Ashfall (Ashfall #1)
by Mike Mullin
Hardcover, 466 pages
Expected publication: October 11th 2011 by Tanglewood Press
Under the bubbling hot springs and geysers of Yellowstone National Park is a supervolcano. Most people don't know it's there. The caldera is so large that it can only be seen from a plane or satellite. It just could be overdue for an eruption, which would change the landscape and climate of our planet.
Ashfall is the story of Alex, a teenage boy left alone for the weekend while his parents visit relatives. When the Yellowstone supervolcano erupts unexpectedly, Alex is determined to reach his parents. He must travel over a hundred miles in a landscape transformed by a foot of ash and the destruction of every modern convenience that he has ever known, and through a new world in which disaster has brought out both the best and worst in people desperate for food, water, and warmth. With a combination of nonstop action, a little romance, and very real science, this is a story that is difficult to stop reading and even more difficult to forget.

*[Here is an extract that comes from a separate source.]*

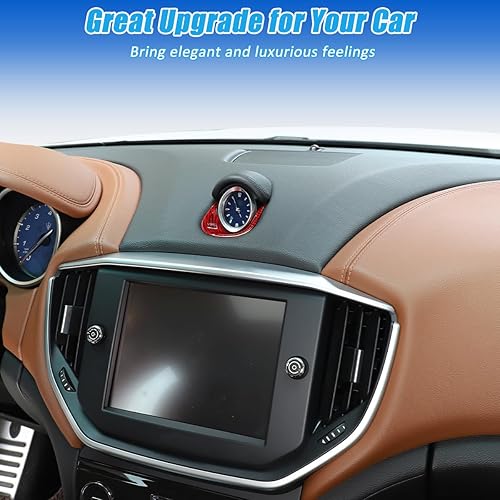 Miniatura 4 de YIWANG Cubierta de brújula de reloj central del tablero de instrumentos de fibra de carbono 100% real para Maserati Ghibli 2014-2021 Accesorios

Ashfall was a real shocker for me. Reading this was a spur of the moment decision, so I wasn't really expecting anything from it. Plus, I kind of didn't like the cover. It looked to me like a MG book. (And I don't dig MG.) So you can only imagine my surprise when I read it and actually really, really, really loved it! I was even reading this while eating! o.o
Ashfall was told from Alex's point of view. (Male POV, yay!) The book starts with a narrative from Alex about how he regretted having a fight with his mom before she, along with his dad and younger sister took off to visit a relative's place, leaving him alone at the house. Later, we find out that the reason why he regretted this was because of the eruption of a supervolcano.
Before the volcano erupted, Alex came off as very bratty and immature. But as Alex became closer to his family, he grew to become mature and responsible. The road to find his family wasn't an easy one though. Along the way, he met a lot of strangers who were driven by hunger and desperation to survive. This was quite violent, really with some reference to cannibalism and rape. I don't dig violence, but I still thoroughly enjoyed Ashfall.
Recommended to older teens and lovers of dystopian/post-apocalyptic books!
Rating: 5/5 stars!!!
Disclosure: This e-ARC was received from the publisher (Tanglewood Press via NetGalley) for free in exchange for an honest review.